1. International financial crises in the late 1990s underscored the importance of disseminating comprehensive information on countries’ international reserves and foreign currency liquidity1 on a timely basis. Deficiencies in such information have made it difficult to anticipate and respond to crises by obscuring financial weaknesses and imbalances. (See Box 1.1) Moreover, both the complexity and the importance of such information have increased as a result of the ongoing globalization of financial markets and financial innovations. The international financial activities2 that countries’ central banks and government entities undertake now occur in myriad forms, involve multiple domestic and foreign entities, and span locations around the globe. To assess countries’ foreign currency liquidity requires supplementing traditional data on international reserves that cover largely cross-border and balance-sheet activities with those on foreign currency positions and off-balance-sheet activities.
58. This chapter provides guidelines to assist countries in reporting data on the authorities’ foreign currency resources (comprising reserve assets and other foreign currency assets) in Section I of the template. Items I.A.(1) through I.A.(5) are used to report information on reserve assets and item I.B., on other foreign currency assets. All items in Section I refer to outstanding assets (stock) on the reference date. As noted in para. 42, to facilitate liquidity analysis, it is recommended that information on special features of the reporting country’s reserves management policy and major sources of funds for reserve assets and other foreign currency assets be described in country notes accompanying the template data. To enhance data transparency, it is also important to indicate in country notes specific changes in the reporting country’s exchange rate arrangements (for example, the implementation of dollarization) and their impact on the level of the country’s reserve assets.
138. Section II of the template is used to report the authorities’ predetermined short-term net drains on foreign currency assets. “Predetermined” drains are the known or scheduled contractual obligations in foreign currencies. Contractual obligations of the authorities can arise from on-balance-sheet and off-balance-sheet activities. On-balance-sheet obligations include predetermined payments of principal and interest associated with loans and securities. (See also footnote 6 of the data template.) Off-balance-sheet activities that give rise to predetermined flows of foreign currency include commitments in forwards, swaps, and futures contracts.
180. Section III of the template covers contingent short-term net drains on foreign currency resources. As discussed in Chapter 3, net drains refer to outflows net of inflows. Contingent inflows and outflows simply refer to contractual obligations that give rise to potential or possible future additions or depletions of foreign currency assets. Contingent drains are by definition off-balance-sheet activities, since only actual assets and liabilities are to be reflected on balance sheets. Section III of the template differs from Section II because foreign currency flows to be reported in Section III are contingent upon exogenous events. As with predetermined foreign currency flows covered in Section II of the template, contingent flows can arise from positions with residents and nonresidents.
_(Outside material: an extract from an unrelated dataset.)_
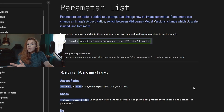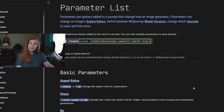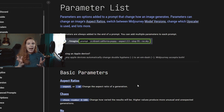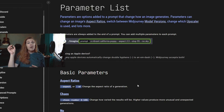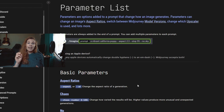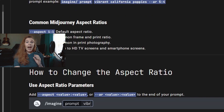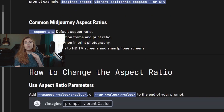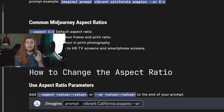This is a basic parameter that you can find in the parameter list — I left the link down below. And how we use parameters: we use a double hyphen followed by the name of the parameter. In this case, it's AR or aspect. After that, you just need to put the two numbers, like 5:4 or 3:2.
236. Section IV of the template provides supplementary information covering (1) positions and flows not disclosed in Sections I—III but deemed relevant for assessing the authorities’ reserves and foreign currency liquidity positions and risk exposure in foreign exchange; (2) additional details on positions and flows disclosed in Sections I—III; and (3) positions and flows according to a breakdown or valuation criteria different from those found in Sections I—III.
The foreign exchange market is the world’s largest financial market by virtually any measure. It is the only truly global financial market: currencies are traded in financial centers around the world, connected by communications systems that allow nearly instantaneous transmission of price information and trade instructions. The market has grown rapidly over the last decade since cross-border capital flows have been liberalized and the regulatory constraints on institutional investments relaxed. The increased liquidity of securities markets, particularly in the industrial countries, which has resulted from privatization and from larger and more efficient markets for government debt securities, has also increased the range of foreign assets available to investors and made foreign investment easier. This expansion of cross-border capital flows has been actively promoted by governments seeking broader investor bases for their own debt and for securities issued by domestic firms. Improvements in trading and settlement practices and in technology have increased the liquidity of secondary markets for foreign exchange instruments and allowed participating financial institutions to handle larger volumes of transactions safely.
Trading in the foreign exchange markets takes place for a variety of motives. This annex discusses three aspects of foreign exchange transactions: first, the arbitrage that links the forward and spot markets; next, the use of foreign exchange markets as “synthetic money markets”; and then the use of foreign exchange instruments to hedge foreign currency risk, which covers first the basic hedging techniques typically used by individuals and investors and then the dynamic hedging strategies typically used by banks to hedge exposure associated with issuing currency options. The consequences of these various strategies for foreign exchange market behavior are also examined.
The relaxation of capital and exchange controls and the acceleration of financial innovation have clearly encouraged competition among financial institutions and improved efficiency in financial services worldwide. Increased competition has also presented financial institutions with new risks-including those associated with losses on open positions and with losses resulting from settlement failures. These risks are increased by the speed with which prices change, by the delays inherent in covering exposures and settling trades, and by the extension of credit to counterparties with non-zero bankruptcy probabilities.